**TASK GOAL:** Restate the opening lines of the material below word for word, stopping after the line that contains "2240 Dunnwood Hills".

______

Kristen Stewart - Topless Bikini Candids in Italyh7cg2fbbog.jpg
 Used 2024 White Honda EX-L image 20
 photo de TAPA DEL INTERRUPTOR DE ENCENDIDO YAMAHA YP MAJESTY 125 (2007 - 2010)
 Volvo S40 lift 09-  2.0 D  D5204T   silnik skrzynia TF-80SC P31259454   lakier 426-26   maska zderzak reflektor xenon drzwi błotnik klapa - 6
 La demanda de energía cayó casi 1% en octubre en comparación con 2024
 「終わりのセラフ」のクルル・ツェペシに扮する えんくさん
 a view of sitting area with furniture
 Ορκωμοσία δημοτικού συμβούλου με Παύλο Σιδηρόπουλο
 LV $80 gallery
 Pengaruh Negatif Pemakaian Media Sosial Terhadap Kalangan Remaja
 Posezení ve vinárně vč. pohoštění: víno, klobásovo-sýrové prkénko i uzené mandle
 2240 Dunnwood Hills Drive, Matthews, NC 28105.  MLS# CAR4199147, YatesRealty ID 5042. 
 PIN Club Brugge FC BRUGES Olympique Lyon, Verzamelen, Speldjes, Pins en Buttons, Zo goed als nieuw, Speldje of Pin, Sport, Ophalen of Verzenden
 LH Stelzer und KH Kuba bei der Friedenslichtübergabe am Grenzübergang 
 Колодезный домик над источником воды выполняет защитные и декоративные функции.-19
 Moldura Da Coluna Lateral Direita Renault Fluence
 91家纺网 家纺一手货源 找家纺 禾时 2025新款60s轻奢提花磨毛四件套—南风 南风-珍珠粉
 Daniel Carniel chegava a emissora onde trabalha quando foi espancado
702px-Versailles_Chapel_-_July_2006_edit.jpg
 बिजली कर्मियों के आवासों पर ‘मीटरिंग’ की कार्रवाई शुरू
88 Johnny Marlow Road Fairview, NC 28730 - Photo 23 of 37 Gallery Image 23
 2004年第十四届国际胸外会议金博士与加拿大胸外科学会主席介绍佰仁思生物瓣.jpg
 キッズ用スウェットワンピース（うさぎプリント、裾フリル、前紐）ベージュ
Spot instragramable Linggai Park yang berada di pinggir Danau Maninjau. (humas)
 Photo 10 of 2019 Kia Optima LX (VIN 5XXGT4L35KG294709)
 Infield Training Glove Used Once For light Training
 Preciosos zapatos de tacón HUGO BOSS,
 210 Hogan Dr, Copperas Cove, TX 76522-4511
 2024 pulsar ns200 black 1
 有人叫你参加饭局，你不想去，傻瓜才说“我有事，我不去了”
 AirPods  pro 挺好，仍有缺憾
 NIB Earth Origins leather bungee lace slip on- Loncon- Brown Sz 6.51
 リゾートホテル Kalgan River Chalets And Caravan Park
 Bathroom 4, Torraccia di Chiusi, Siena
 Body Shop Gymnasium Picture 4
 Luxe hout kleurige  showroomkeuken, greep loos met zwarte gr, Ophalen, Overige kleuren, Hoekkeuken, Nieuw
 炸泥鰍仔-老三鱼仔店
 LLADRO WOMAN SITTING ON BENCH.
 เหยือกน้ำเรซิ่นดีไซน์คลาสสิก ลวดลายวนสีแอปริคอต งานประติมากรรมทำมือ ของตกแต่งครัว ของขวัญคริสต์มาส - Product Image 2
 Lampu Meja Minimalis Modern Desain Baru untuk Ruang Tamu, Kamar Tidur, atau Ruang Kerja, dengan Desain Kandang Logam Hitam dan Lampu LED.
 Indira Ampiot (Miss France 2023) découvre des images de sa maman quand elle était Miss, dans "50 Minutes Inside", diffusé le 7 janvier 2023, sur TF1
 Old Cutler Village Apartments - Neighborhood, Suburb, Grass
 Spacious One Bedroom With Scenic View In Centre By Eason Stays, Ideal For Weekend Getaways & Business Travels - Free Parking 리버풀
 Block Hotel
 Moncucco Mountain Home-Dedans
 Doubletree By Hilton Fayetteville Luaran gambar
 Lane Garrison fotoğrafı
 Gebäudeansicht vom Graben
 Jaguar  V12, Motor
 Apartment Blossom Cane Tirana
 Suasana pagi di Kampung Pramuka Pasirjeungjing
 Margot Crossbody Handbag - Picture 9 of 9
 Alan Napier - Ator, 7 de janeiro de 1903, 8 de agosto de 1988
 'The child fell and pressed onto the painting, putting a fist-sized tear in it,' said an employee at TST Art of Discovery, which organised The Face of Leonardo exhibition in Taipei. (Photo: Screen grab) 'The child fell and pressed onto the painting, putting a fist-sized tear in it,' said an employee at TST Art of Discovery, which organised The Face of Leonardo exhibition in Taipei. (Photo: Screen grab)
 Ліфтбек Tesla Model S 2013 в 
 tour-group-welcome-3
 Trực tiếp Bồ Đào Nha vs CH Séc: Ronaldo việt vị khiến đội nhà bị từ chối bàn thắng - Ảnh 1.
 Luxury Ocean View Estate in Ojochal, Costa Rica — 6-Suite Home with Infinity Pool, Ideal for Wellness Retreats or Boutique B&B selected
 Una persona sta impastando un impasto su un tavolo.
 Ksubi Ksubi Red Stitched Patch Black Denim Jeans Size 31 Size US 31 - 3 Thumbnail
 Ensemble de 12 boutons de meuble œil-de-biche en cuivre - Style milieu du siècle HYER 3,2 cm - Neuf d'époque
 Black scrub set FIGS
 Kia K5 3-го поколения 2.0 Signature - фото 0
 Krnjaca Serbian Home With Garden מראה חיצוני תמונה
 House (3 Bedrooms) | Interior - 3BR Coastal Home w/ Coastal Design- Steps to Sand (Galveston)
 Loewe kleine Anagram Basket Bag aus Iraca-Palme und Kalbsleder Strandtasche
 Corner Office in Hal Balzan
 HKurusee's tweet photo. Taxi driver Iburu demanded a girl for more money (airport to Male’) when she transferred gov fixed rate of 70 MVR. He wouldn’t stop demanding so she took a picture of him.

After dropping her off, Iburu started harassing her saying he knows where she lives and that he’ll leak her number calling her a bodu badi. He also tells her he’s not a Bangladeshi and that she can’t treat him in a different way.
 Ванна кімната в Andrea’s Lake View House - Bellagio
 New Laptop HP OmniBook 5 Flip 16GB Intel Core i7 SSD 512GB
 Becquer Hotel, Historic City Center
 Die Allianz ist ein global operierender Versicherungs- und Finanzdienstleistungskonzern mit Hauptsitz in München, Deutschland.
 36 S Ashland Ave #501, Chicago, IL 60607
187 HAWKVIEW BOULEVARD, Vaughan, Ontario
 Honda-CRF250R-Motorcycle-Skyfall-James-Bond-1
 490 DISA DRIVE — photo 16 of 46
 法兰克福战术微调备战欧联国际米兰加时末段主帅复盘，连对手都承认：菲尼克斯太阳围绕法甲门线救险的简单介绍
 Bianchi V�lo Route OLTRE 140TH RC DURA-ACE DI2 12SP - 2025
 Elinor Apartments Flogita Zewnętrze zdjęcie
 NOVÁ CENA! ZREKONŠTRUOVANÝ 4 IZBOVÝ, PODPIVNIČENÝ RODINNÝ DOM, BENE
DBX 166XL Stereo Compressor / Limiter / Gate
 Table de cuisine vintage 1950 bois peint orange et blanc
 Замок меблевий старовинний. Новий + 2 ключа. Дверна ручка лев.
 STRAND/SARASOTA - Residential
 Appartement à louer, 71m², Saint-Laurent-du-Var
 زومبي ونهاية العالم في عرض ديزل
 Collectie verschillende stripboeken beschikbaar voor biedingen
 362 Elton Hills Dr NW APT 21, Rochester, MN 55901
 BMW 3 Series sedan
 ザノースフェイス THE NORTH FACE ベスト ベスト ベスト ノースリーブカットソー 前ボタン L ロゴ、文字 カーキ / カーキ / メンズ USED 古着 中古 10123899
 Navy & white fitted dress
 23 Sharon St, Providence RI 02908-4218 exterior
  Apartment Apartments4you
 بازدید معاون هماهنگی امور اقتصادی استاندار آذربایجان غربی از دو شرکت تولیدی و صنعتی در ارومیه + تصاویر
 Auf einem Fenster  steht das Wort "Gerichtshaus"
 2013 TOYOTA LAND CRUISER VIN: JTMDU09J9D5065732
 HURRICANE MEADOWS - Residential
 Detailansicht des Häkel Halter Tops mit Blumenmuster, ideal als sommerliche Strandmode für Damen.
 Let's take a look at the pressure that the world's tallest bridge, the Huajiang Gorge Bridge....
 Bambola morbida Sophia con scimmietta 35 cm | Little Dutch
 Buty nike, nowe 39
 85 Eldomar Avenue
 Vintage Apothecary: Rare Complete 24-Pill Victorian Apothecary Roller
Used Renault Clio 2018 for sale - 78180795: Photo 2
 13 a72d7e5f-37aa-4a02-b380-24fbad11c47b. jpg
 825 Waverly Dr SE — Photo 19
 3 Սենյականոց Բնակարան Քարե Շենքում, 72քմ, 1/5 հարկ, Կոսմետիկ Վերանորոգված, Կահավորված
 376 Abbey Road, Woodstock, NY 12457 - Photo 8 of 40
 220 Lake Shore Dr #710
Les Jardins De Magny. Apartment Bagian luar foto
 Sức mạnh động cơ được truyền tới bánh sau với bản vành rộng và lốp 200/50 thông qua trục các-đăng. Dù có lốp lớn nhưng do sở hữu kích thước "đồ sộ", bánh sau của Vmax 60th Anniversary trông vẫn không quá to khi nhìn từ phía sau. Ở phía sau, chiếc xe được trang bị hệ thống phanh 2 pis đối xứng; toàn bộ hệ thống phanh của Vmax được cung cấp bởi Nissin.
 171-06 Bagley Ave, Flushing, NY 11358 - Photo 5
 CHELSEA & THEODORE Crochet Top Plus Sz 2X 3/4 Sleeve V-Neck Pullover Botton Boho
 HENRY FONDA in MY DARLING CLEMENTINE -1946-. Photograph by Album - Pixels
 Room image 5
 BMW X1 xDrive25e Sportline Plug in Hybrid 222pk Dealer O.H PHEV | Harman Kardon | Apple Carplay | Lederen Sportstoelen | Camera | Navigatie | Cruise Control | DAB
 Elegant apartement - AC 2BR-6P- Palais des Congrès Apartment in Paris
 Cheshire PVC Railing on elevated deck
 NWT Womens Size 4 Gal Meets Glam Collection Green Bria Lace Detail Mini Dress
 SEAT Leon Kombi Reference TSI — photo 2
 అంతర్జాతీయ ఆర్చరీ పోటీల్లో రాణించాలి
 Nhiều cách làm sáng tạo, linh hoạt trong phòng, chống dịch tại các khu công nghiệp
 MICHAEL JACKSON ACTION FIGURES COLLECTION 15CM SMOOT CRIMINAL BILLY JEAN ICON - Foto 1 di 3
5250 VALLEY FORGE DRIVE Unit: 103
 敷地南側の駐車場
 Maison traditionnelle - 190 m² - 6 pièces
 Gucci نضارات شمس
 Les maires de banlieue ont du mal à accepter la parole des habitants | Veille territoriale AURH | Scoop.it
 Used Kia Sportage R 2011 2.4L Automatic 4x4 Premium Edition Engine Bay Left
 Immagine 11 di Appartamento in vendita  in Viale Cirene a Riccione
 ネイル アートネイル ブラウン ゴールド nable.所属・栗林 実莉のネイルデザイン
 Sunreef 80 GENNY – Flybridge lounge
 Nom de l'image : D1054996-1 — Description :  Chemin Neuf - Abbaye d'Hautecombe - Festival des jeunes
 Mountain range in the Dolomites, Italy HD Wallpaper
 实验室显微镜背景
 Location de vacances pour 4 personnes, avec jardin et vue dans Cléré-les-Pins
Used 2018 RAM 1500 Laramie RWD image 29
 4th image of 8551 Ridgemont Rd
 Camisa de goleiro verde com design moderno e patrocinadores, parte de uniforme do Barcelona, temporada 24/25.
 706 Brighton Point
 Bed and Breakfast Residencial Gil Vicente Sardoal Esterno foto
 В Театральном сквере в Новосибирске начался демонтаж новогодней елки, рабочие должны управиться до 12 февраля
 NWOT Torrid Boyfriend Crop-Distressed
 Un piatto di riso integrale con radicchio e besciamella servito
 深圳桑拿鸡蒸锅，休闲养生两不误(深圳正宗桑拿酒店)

______

**RESPONSE BOX:**
Kristen Stewart - Topless Bikini Candids in Italyh7cg2fbbog.jpg
 Used 2024 White Honda EX-L image 20
 photo de TAPA DEL INTERRUPTOR DE ENCENDIDO YAMAHA YP MAJESTY 125 (2007 - 2010)
 Volvo S40 lift 09-  2.0 D  D5204T   silnik skrzynia TF-80SC P31259454   lakier 426-26   maska zderzak reflektor xenon drzwi błotnik klapa - 6
 La demanda de energía cayó casi 1% en octubre en comparación con 2024
 「終わりのセラフ」のクルル・ツェペシに扮する えんくさん
 a view of sitting area with furniture
 Ορκωμοσία δημοτικού συμβούλου με Παύλο Σιδηρόπουλο
 LV $80 gallery
 Pengaruh Negatif Pemakaian Media Sosial Terhadap Kalangan Remaja
 Posezení ve vinárně vč. pohoštění: víno, klobásovo-sýrové prkénko i uzené mandle
 2240 Dunnwood Hills Drive, Matthews, NC 28105.  MLS# CAR4199147, YatesRealty ID 5042. 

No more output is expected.